— А разве мы не вместе? — Игорь с обиженным видом посмотрел на меня, словно ребенок в песочнице, который вдруг открыл для себя, что его лучший друг не хочет лепить с ним куличики.
— Нет уж. Каждому из нас нужно хоть немного вздремнуть. Завтра денек будет не из лучших.
Заунывный вой раздался совсем рядом.
Гуфи вздрогнул.
— Опять… — прошептал он, бесцельно вороша угли. Мясо было уже почти готово.
— Даже если все это благополучно закончится, я не смогу спать без снотворного. Я никогда не смогу этого забыть. Ты знаешь, Димон… — Речь Игоря становилась все более невнятной, язык заплетался, и мне стоило больших усилий понять, о чем он говорит. — Мне вчера приснился сон. Страшный.
Я испытующе посмотрел на Гуфи, он сгорбился, низко опустив голову.
— Мне снова снилась моя мать. Опять снилась… Будто она выбралась из своей могилы. Раскопала землю и вылезла наружу, вся почерневшая и в дырках. А теперь она прячется днем в грязных трущобах и подвалах, а ночами ковыляет, пытаясь добраться до меня — полуразложившаяся, в лохмотьях… — Пьяные слезы скатывались по лицу Игоря.
— Может, хватит?! — не выдержал я, но Игорь продолжал, словно не слыша меня:
— И я понял, что моя мать и есть та самая тварь из болота, которая теперь никуда не торопится. Она знает, что бежать нам некуда, мы в западне. Все, птичка в клетке! — Гуфи издал нервный смешок. — Мы разбудили дремлющую тварь. Я не виню тебя, Стропов, хотя было бы полным безумием верить легенде, рассказанной Климом. Ни ты, ни Оля не виноваты. Как это называется? Есть такое выражение… Во, толчок судьбы. Только ни фига это не толчок. Это зло, Стропов, зло в чистом виде, — Гуфи устало прикрыл глаза. — Надо было внимательно слушать старую цыганку… — Он уже шептал: — И какого черта я согласился ехать сюда. — Гуфи завалился назад, задев ногой один из «шампуров».
Я растолкал его.
— Все, пора баиньки, — сказал я, помогая ему подняться на ноги. — Иди, покемарь немного. — Я поглядел на часы. — Через пару часов я тебя разбужу.
— Дима?
— Ну?
— А ты что-нибудь видел? В лесу?
Я замялся. В памяти вновь мелькнуло видение — невыносимый смрад гниющей плоти, испытываемый мной при этом густой липкий страх, сжимающий костлявыми пальцами все внутренности. Но Игорю я, по понятной причине, ничего говорить не стал.

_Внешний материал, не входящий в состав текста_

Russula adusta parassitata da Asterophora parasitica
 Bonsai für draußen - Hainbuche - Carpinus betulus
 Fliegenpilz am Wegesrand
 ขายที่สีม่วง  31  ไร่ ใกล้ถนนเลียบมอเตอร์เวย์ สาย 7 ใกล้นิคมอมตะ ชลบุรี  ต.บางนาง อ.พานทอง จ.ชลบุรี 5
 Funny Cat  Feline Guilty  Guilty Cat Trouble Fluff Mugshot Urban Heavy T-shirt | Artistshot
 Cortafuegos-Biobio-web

Я довел его до палатки и стал потихоньку проталкивать внутрь.
— Иди поспи, потом поговорим.
— А, вот и не знаешь. — Гуфи засыпал у меня прямо на руках. — А я знаю. Это моя мамаша пришла за вами. Вот так. А когда она придет… — Однако он не успел мне сообщить о планах своей покойной мамаши, поскольку через секунду уже громко храпел.
Вернувшись к костру, я завернул мясо в полиэтиленовый пакет и накрыл его курткой, а сверху привалил рюкзаком. Только сейчас я вспомнил, что мы забыли на прежней стоянке вещи Ирины. Я стал лихорадочно припоминать, что ценного было у нее в рюкзаке, но, кроме посуды с котелком, ничего вспомнить не мог. Кажется…
Чьи-то прохладные руки мягко легли на мои обожженные солнцем плечи. Я дернулся так, словно меня ошпарили кипятком, и кинулся к ружью. В прозрачном воздухе поплыл тонкий аромат духов. Ольга!